It doesn’t make sense. Why aren’t the people and organizations we pay to provide us with services and products responsible for describing the rights of the parties in our agreements precisely? For connecting responsibilities of the parties explicitly and unambiguously to the implications and consequences of those responsibilities? For updating changes to those agreements and making us aware immediately of the changes affecting us as individual parties to their agreements?
All the information they need to do so is readily available to them. (It is not readily available to us.) And with the right model for representation of meaning, software applications can easily be developed to implement the functionality described in this blog. Parties to a complex agreement could even specify the meaning of agreements between them unambiguously — in detail — and connect those detailed representations to our specific, individual circumstances … if they chose to do so.

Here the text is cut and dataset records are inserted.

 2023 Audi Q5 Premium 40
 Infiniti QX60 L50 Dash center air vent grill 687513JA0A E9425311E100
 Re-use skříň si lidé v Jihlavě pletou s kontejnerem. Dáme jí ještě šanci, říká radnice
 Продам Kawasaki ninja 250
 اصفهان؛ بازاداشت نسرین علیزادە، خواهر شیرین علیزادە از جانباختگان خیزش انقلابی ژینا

Instead, many businesses (and some government entities) conduct a continuous war of words on our rights and obligations.
I doubt that we could legislate a sweeping requirement to force businesses to provide us with precise, computer-supported representations of our obligations or responsibilities when we pay for a complex service or product. In fact, I think we should not attempt to do so. Instead, let the marketplace do its work. Favor those businesses that provide you with precise understandings of your agreements with them, precise representations of rights and responsibilities that are integrated with understandings of who you are. (The service provider I mentioned at the beginning of this post did politely agree to cancel the unwanted renewal of service and refund the money I was charged for that renewal. The spectre of howls in the marketplace about customer dissatisfaction are a powerful defense weapon. But I had to initiate that conversation.)

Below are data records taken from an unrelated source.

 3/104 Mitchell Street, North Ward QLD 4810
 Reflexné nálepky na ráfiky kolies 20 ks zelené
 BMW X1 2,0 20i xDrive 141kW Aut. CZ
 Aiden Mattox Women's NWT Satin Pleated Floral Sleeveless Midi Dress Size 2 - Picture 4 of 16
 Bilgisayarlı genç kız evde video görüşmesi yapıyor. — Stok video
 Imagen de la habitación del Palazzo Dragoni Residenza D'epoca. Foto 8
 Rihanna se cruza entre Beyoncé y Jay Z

As we develop technology and services for this purpose, we must be careful not to reward premature optimization of models, technology, and processes for representation of contractual obligations. Only when such models, processes, and technologies are well understood — through actual, widespread use — should government step in to control abuses. That will take years, but we will be rewarded for doing so.

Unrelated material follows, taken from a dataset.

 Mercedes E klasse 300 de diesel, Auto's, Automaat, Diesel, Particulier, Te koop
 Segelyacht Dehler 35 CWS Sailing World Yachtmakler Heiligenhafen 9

And one of the outcomes will be that we will discover many new ways to tame complexity.
Do a search for “formal representation of” contract terms or policies or law. What I propose in this post is not a new idea. It is simply (Yes, simply!) one aspect of the inevitable transition from language to meaning as a means of counteracting complexity.
See, for example, “(Semi-)Automatic Translation of Legal Regulations to Formal Representations: Expanding the Horizon of EDA Applications,” by Oliver Keszocze, Betina Keiner, Matthias Richter, Gottfried Antpohler, Robert Wille. The Abstract of that paper:
Caused by the challenges in the design of today’s hardware and software systems, tools for Electronic Design Automation (EDA) became impressively powerful. However, these accomplishments can also be exploited in other domains. In fact, the steps of formalizing and checking legal regulations shares many similarities with established EDA design steps. In this work, this is demonstrated by proposing the application of EDA tools in the domain of law processing. We propose a (semi-)automatic translation of real rules and regulations into a formal representation. Afterwards, we discuss how – similar to the hardware/software design – these formalization can be utilized in the respective domain.
However, I assert — and many others would agree — that such automated interpretations would have to be validated by domain experts.
[NOTE: I want to omit from this conversation any consideration of computer-managed work interactions — especially in such applications as Winograd and Flores’ The Coordinator, a product well known in the domain of Computer-Supported Collaborative Work (CSCW). We can take lessons from The Coordinator and the Speech Act Theory on which it is largely based, but CSCW is not primarily concerned with precise description of obligations and their relationship to consequences in daily life, and The Coordinator, in particular, was the center of a rather heated debate.]